Hoffman's political career closed under circumstances that a more heroic soul might have avoided. In his last message he had repudiated the Ring. He had also made some atonement by authorising such suits against it as Charles O'Conor might advise,[640] and by vetoing the Code Amendment Bill, devised by Cardozo and designed to confer authority upon the judges to punish the press for attacking the Ring; but the facts inspiring Nast's cartoon, which pictured him as the Tammany wooden Indian on wheels, pushed and pulled by the Erie and Tweed combination, had fixed the Governor in the popular mind as the blind tool of rings. "I saw him in 1885," says Rhodes, "at the Schweizerhof in Lucerne. Accompanied by his wife he was driving through Switzerland; and in this hotel, full of his own countrymen, he sat neglected, probably shunned by many. The light was gone from his eyes, the vigour from his body, the confidence from his manner; consciousness of failure brooded in their stead. He had not become dissipated. Great opportunities missed; this was the memory that racked him, body and spirit, and left him nerveless and decrepit, inviting death."[641] He died in Germany in 1888.

For mayor of New York, John Kelly nominated Abram R. Lawrence, a lawyer of ability and integrity, whom the Liberals endorsed. The anti-Tammany forces, not yet willing to surrender to the new Boss, divided their strength, the Apollo Hall Democracy nominating James O'Brien, its founder, while the associations centring about the Committee of Seventy supported William F. Havermeyer, whom the Republicans endorsed. Havermeyer had twice been mayor.[642] He belonged among the enemies of jobbery, and although sixty-seven years of age his mental and physical powers remained unimpaired. The contest, thus narrowed to Lawrence and Havermeyer, assured a good mayor.

The campaign opened encouragingly for Democrats and Liberals. "The antagonisms which civil war has created between the kindred populations of our country," declared Tilden, in his speech at the Syracuse convention, "must be closed up now and forever."[643] This was the key-note of his party, and, apart from the personal question of candidates, was the only serious issue of the campaign. In his letter of acceptance Greeley added a new phrase to the vocabulary of the common people: "I accept your nomination," he said, "in the confident trust that the masses of our countrymen North and South are eager to clasp hands across the bloody chasm."[644]

This was a taking cry, and as the great editor moved across Pennsylvania, Ohio, and Indiana, the general demonstration of interest created considerable uneasiness at Republican headquarters. "His name had been honoured for so many years in every Republican household," says Blaine, "that the desire to see and hear him was universal, and secured to him the majesty of numbers at every meeting."[645] Greeley's friends interpreted these vast audiences as indications of a great tidal wave which would sweep Grant and his party from power. In the latter part of September they confidently counted upon carrying the October States. The South's endorsement of the Thirteenth, Fourteenth, and Fifteenth Amendments, its declaration that the public credit must be sacredly maintained, and its denunciation of repudiation in every form and guise, created the belief that the North and South would, indeed, "clasp hands across the bloody chasm."

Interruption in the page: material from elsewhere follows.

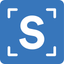 ScanPay - Payments & Invoicing icon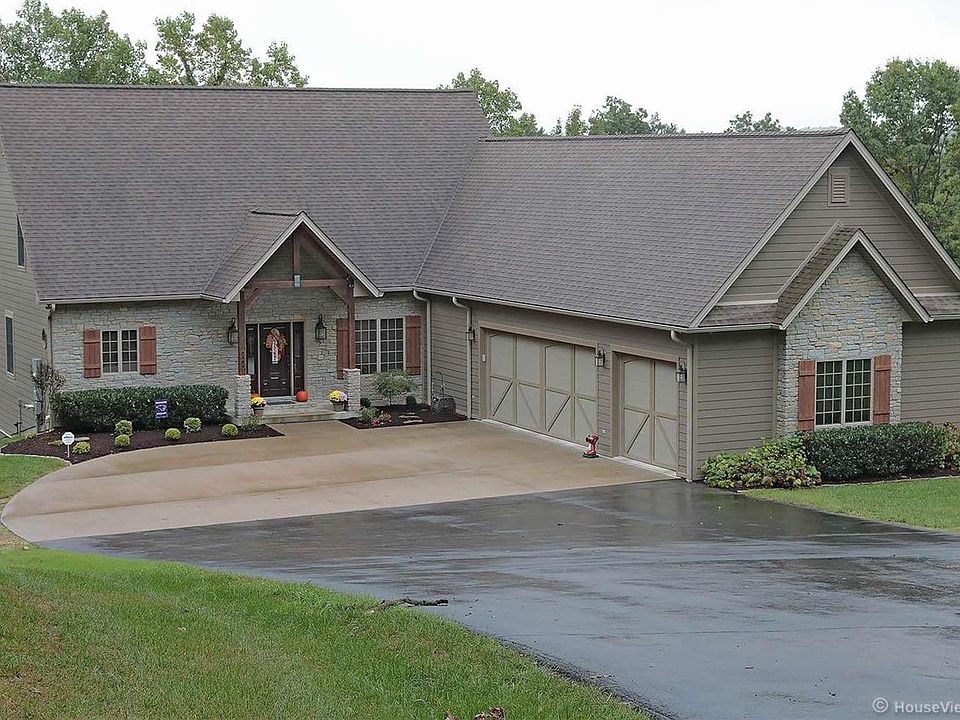1st image of 282 Timberlake Ln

In New York, however, although the Democratic leaders stood loyally by their candidate, pushing Kernan boldly to the front wherever Greeley seemed weak, the inequality of the fight was apparent. Tammany and old-time Democrats could not forget that the Tribune's editor had classed them with blacklegs, thieves, burglars, gamblers, and keepers of dens of prostitution.[646] Moreover, only three Republican newspapers had declared for Greeley,[647] while many leaders like Lyman Tremaine and James W. Husted, whose criticism of the President had encouraged the belief that they would favour the Cincinnati nominee, preferred Grant.[648] Besides, the business men of the country thought the Republican party without Greeley safer than the Democratic party with Greeley.